Il 7 ottobre 2023: la mente del massacro
E poi arriviamo al famigerato 7 ottobre 2023, una data che resterà impressa nella storia come uno dei momenti più bui del conflitto israelo-palestinese. Yahya Sinwar fu la mente dietro l’attacco terroristico che costò la vita a oltre 1.200 israeliani, tra cui donne e bambini, e portò al rapimento di circa 250 persone. Un piano orchestrato nei minimi dettagli, che ha messo in ginocchio Israele e sconvolto il mondo. Per Sinwar, questo era il culmine della sua carriera: l’uomo che aveva passato una vita a odiare Israele ora poteva vantarsi di aver inferto un colpo mortale.

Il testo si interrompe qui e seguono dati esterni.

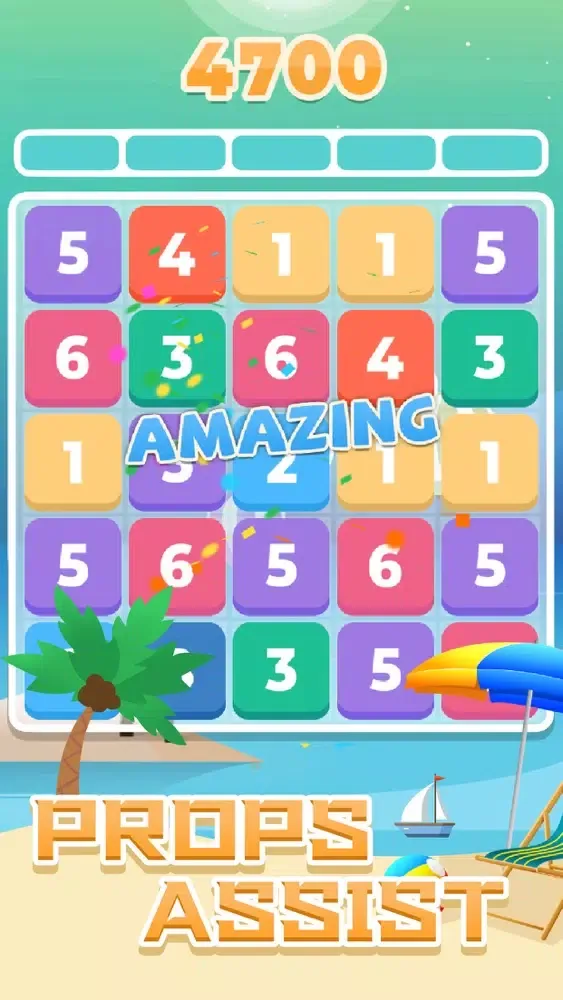 Crazy Numbers - Puzzle Games Screenshots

Il nemico numero uno di Israele: una morte annunciata
Dopo quell’attacco, per Israele, Sinwar era “un uomo morto che cammina”. Lo stesso Benjamin Netanyahu lo definì un “piccolo Hitler”. Sinwar sparì, come un topo nei tunnel sotterranei di Gaza, ma il suo destino era segnato. L’IDF lo ha ucciso il 16 ottobre a Rafah, eliminando il leader simbolo di Hamas in una delle operazioni più celebrate dell’intera guerra. Certo, togliere di mezzo Sinwar è stato un successo tattico, ma non illudiamoci: il problema Hamas non muore con un solo uomo, anche se era il suo capo più feroce.
Un’eredità di sangue e macerie
In conclusione, Yahya Sinwar era un uomo che ha dedicato la sua vita a una sola missione: distruggere Israele, a ogni costo. La sua eredità è fatta di sangue, odio e rovine. Hamas dovrà ora trovare un nuovo leader, qualcuno che riempia le sue scarpe insanguinate. Ma Sinwar resterà nella memoria come un uomo che ha portato sofferenza non solo ai suoi nemici, ma anche al suo stesso popolo, intrappolato in una spirale di violenza senza fine.